As of today, 2013, it is still statutorily prohibited for me to attend university wearing hijab.
As of this year, a practising lawyer was ejected from a courtroom and prevented from representing her client simply for wearing her scarf.
As of 2013, well-heeled women residing on Istanbul’s Princes’ Islands will find it acceptable to physically flick my scarf with their fingers as they ask if I wear “this” in the UK as well; restaurants on these islands, and in many areas of Istanbul will – though technically illegal – bar entry to women with a scarf on their head.
As of 2013, well-educated, globally travelled, socially upstanding Turkish citizens, will find no irony in informing me that “I’m making life hard for myself” and in turn it’s this type of attitude, that you’re unnecessarily forcing your religion “out there” that means a former employer will offer me a job teaching children only to immediately, apologetically, withdraw the offer once they learn I now wear hijab, because they know the parents who can afford the fees for their schools will not see past the cloth on my head: Here, in Turkey, my qualifications, experience, and indeed person are irrelevant. That this applies so decisively to the higher quality schools with certified native speaking teachers is a scary indication of the attitudes represented by (many of) the people dominating Turkey’s forward-striding class; one which, were I not letting the side down with the whole out there muslim thing, my foreign status, coupled with the qualifications I’m now told are worthless, would allow me a foothold right into their midst. Ah irony, you bite me in the ass again.

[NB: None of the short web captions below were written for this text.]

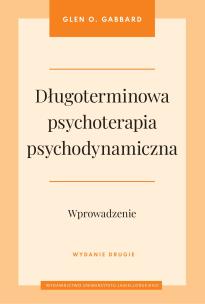 Okładka książki Długoterminowa psychoterapia psychodynamiczna. Wprowadzenie wyd. 2023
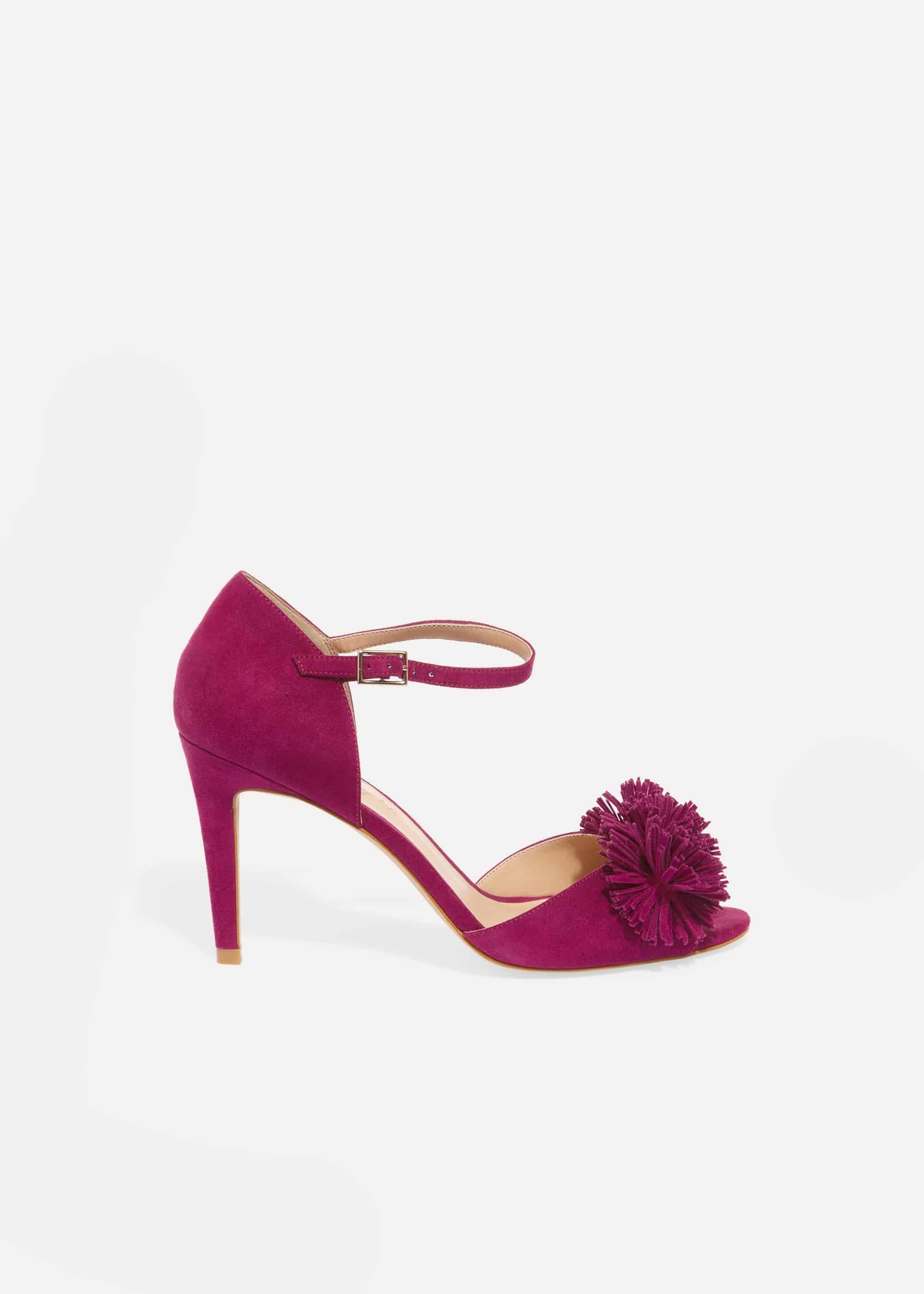Tammy Tassel Sandals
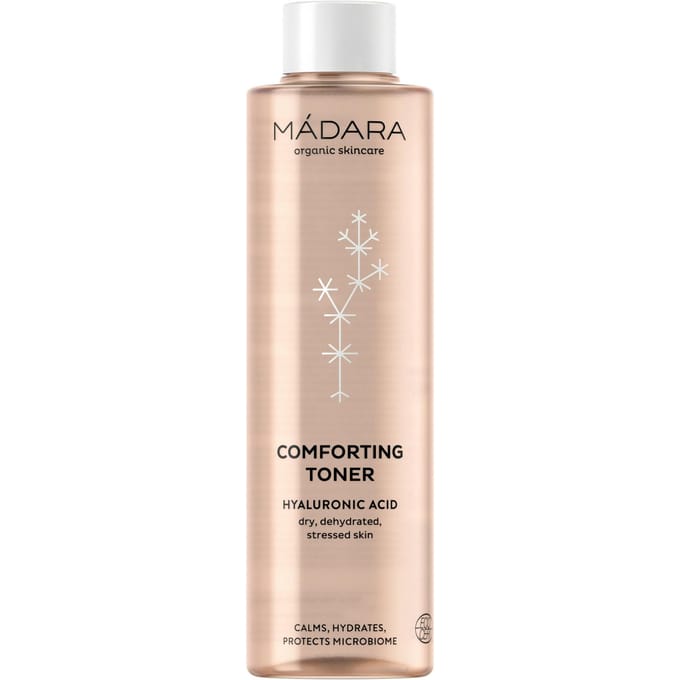 MÁDARA Comforting Toner 200ml - kamille extract - gevoelige huid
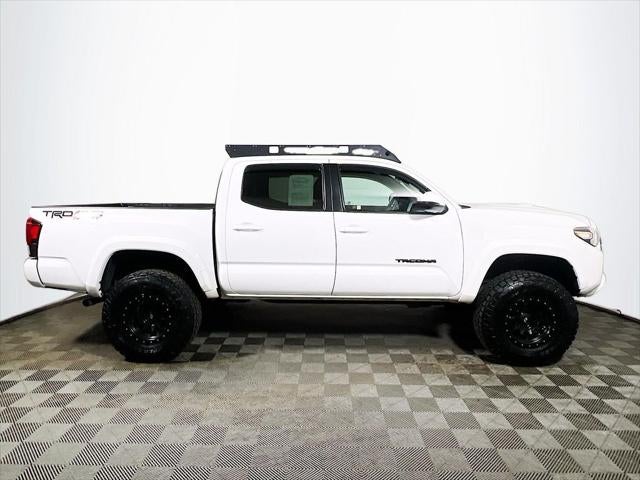 2018 Toyota Tacoma TRD Sport V6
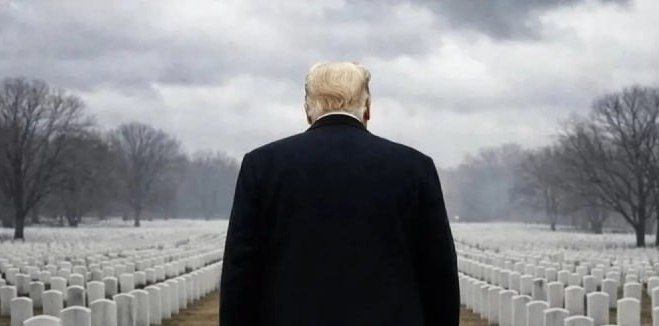 DIE USA BRINGEN TOD, LEID, ZERSTÖRUNG; Trumps klare Botschaft an Iran!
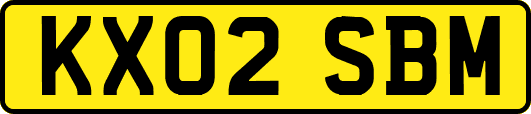 KX02SBM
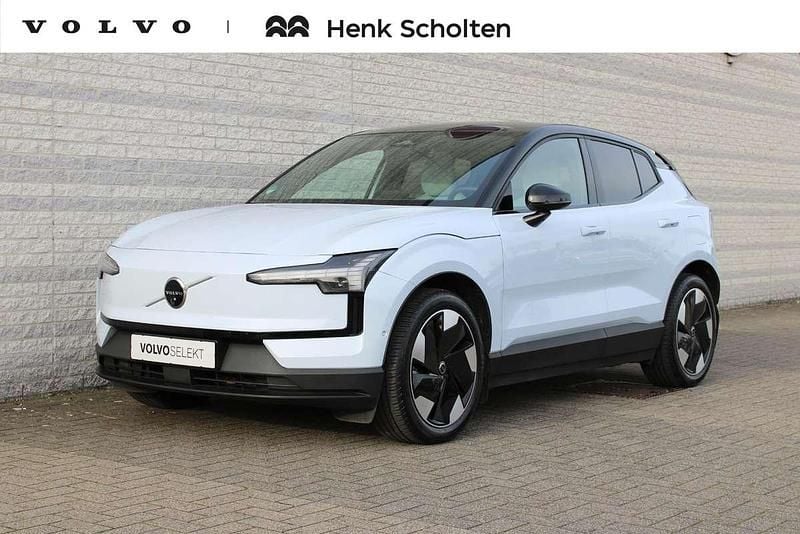 Blauw Gebruikt 2023 Volvo EX30 Performance SUV | € 36.450 (Goede deal) - Afbeelding 1/4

Iznik lake is itself a delightful feature and a focal point for leisurely walks,dainty picnics and family fun, but it’s also the surrounding valleys, overflowing with greens and purples from heather and trees which add a quality to the area making it the perfect British-Turkish blend for countryside living. All this beauty provides a fantastic backdrop for simple canvassed photos of our children as they adventure in exploring their days; but again, as behind the kaleidoscope of head-height colour as you follow the crowds through Istanbul’s bustling busy streets at weekends, what you don’t see here is hidden behind the lens.

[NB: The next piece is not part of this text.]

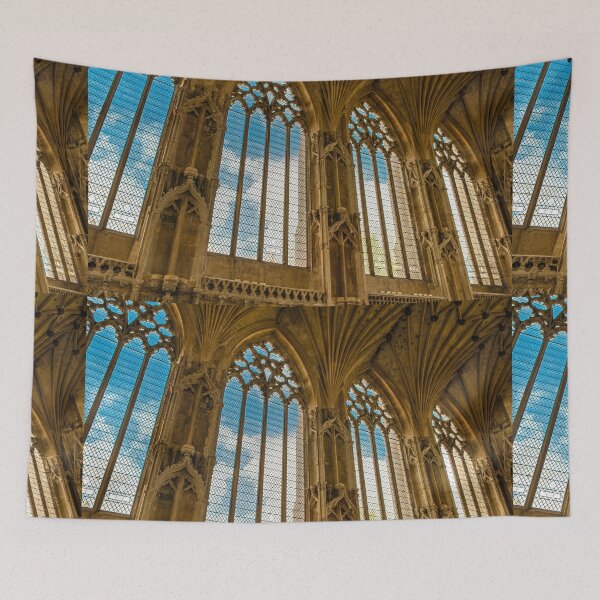 Item preview, Radiant Gothic Windows, Ely Cathedral designed and sold by Brian Shaw.
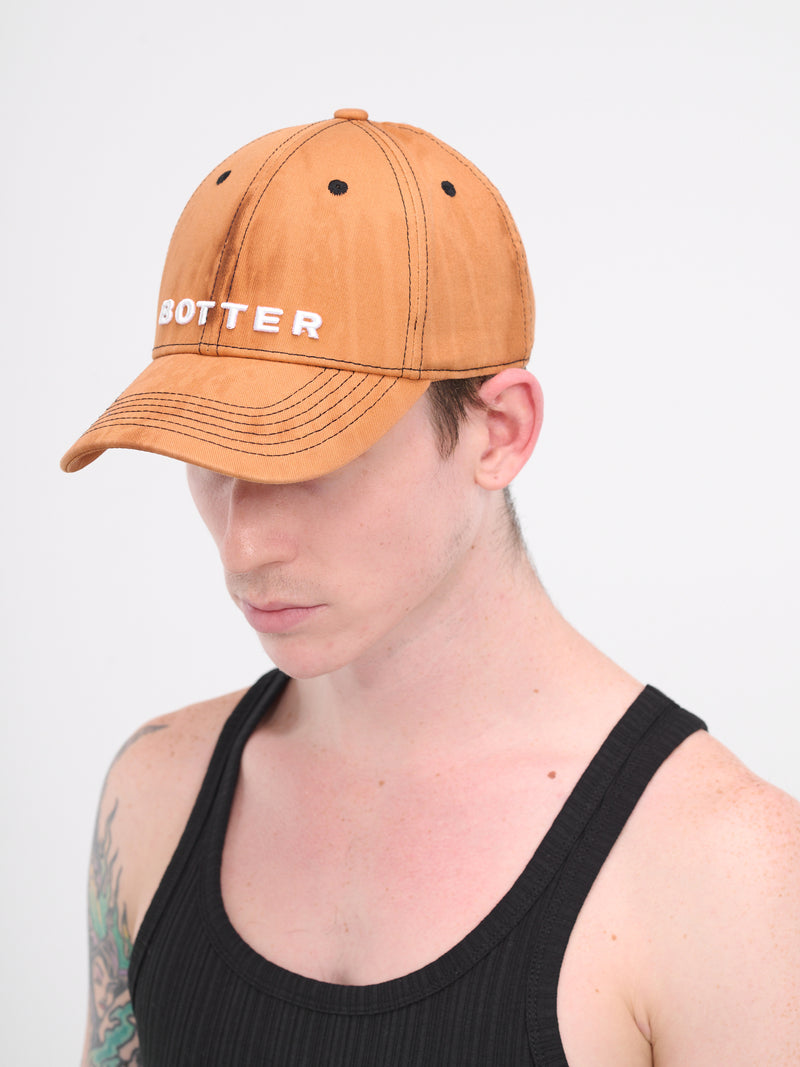 Sun-Bleached Cap (MN9037-A001-SUN-BLEACHED-RUST)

You don’t see how everyday before I let the boys loose at the water’s edge I scour the shores for broken glass from disguarded bottles, empty plastic containers from those everyday picnics and general leftover waste, nor do you see M’s thumb pouring with blood from a piece of glass I’d missed that day. Thankfully, the cut wasn’t that deep, the glass was (it seems, inshAllah) relatively sterile and his finger, like my pride, quickly heals.
M & T,
If you’re reading and understanding these words you’ll already have heard much of what’s here said, though I pray by the time you’re old enough to understand there’ll be little of this to experience. Nonetheless, no matter how the political landscape may change or what the views of society reflect, you need to understand that life is rarely the picture it seems – it’s up to us, darling boys, to tint the lens for our frames. Just don’t forget that though we look for beauty in this world, it’s just as important now and then to look beyond the pretty.